Sarah Carr-Locke | January 22, 2014

Sarah Carr-Locke, a PhD Candidate in archaeology at SFU and a one-time SFU Gallery weekend gallery sitter, produced this great text about Samuel Roy-Bois' Not a new world, just an old trick, which ran from September 14 - December 14, 2013. As Sarah explains here, the text is a reflection about a guided tour she lead of the exhibition. We're particularly interested in what she has to say about the curious social agency of objects. Thanks again, Sarah! Text begins below.

As the Saturday gallery attendant at SFU Gallery, I also happen to be a PhD Candidate in archaeology at SFU, specifically focused on museum anthropology. Last November, I had the opportunity to give a lunchtime talk and tour of Samuel Roy-Bois' Not a new world, just an old trick, installed at the SFU Gallery, September 14 - December 14, 2013. The exhibition was a sculptural construction surrounded by twenty-two ink and graphite drawings. Roy-Bois then chose forty-nine works from the SFU Art Collection to display within the construction, creating a gallery within a gallery (see Samuel Roy-Bois' Not a new world, just an old trick for images of the exhibition). My talk was an opportunity to connect some of what I have been learning for my degree and my experience as a gallery attendant; I found Roy-Bois' piece thought provoking as a commentary on museum and gallery conventions.

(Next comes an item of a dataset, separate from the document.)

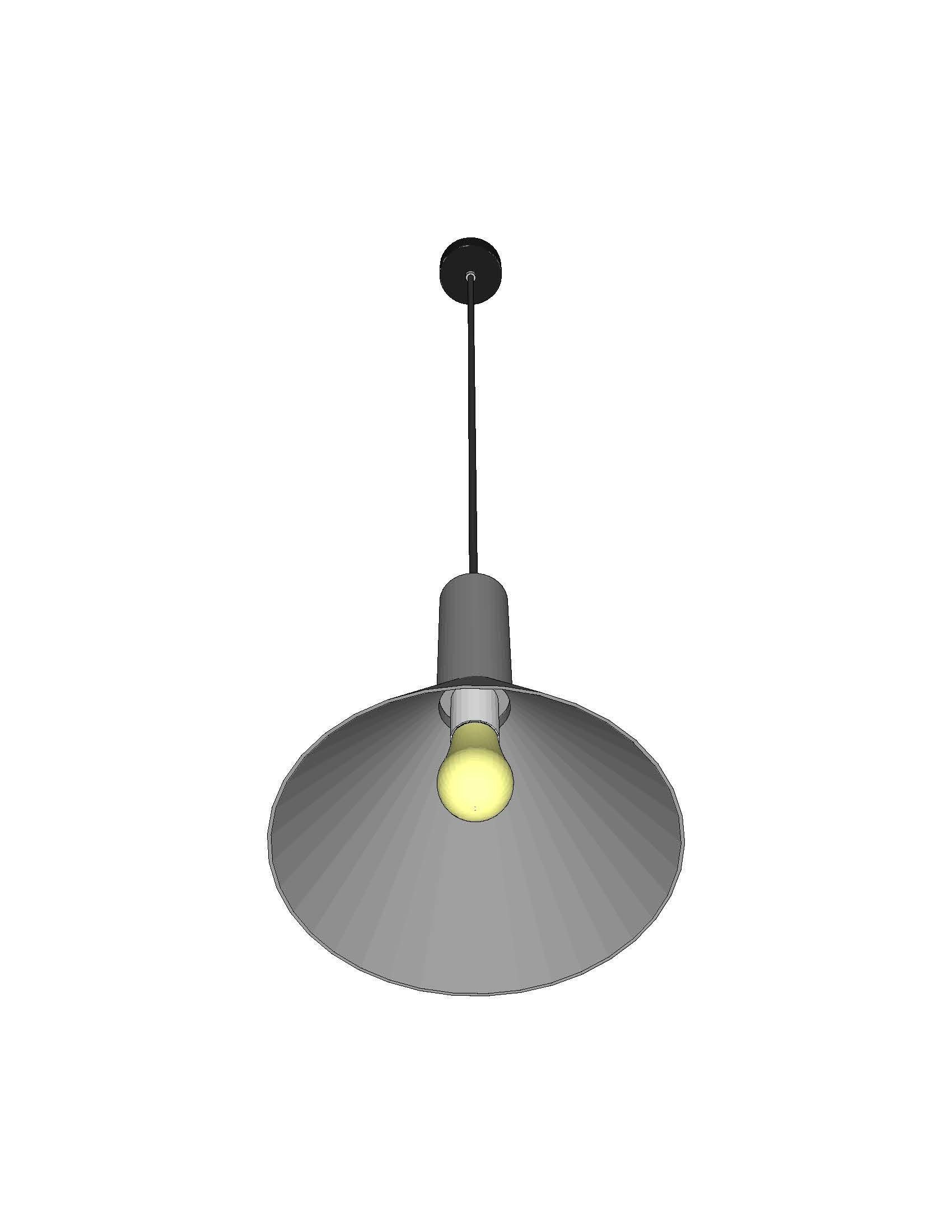 Phelia M Lamp Fixture Free 3D model_8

"Materiality" is a topic I have explored from an archaeological and anthropological point of view for my PhD research. This body of theory explores the nature and physical characteristics of objects/artifacts; it questions the boundaries between "objects" and "subjects," and asks us to think about objects as active social agents in themselves, rather than as the results of human action. In this way, "things" have social lives that may in turn affect human behavior. From a fine art perspective, it seems obvious that works of art have social power, but within anthropology, this way of thinking about "things" has not always been the norm. My reading of Roy-Bois' work was informed by anthropological, archaeological and museological concepts of materiality and object agency.

Upon entering the gallery, the visitors were confronted with Roy-Bois' sculptural construction. The construction created an atmosphere that was at once imposing and welcoming. How did the object/sculpture/construction demonstrate agency by stimulating and/or limiting human behaviour? Roy-Bois offered the audience an atypical interaction with art as they were allowed to touch, smell, walk and lie upon the construction. What is the social life of this object? As a small building, it is not what I would have typically imagined to be an "artwork." Roy-Bois' use of architectural sculpture caused me to reflect on my preconceived notions of what counts as an art object and to think about how this object manifested elements of material agency.

I am interested in how "things" change from being items used in the context of their culture of manufacture, to being "museum objects" used for research or displayed for public consumption behind glass. Roy-Bois' work explored this idea inside his construction, where he created a mini-gallery. There was a sense of both play and critical reflection on museum/gallery culture in his choice of pieces and the way he chose to display them. In contrast to the construction, the objects inside were to be viewed, not touched.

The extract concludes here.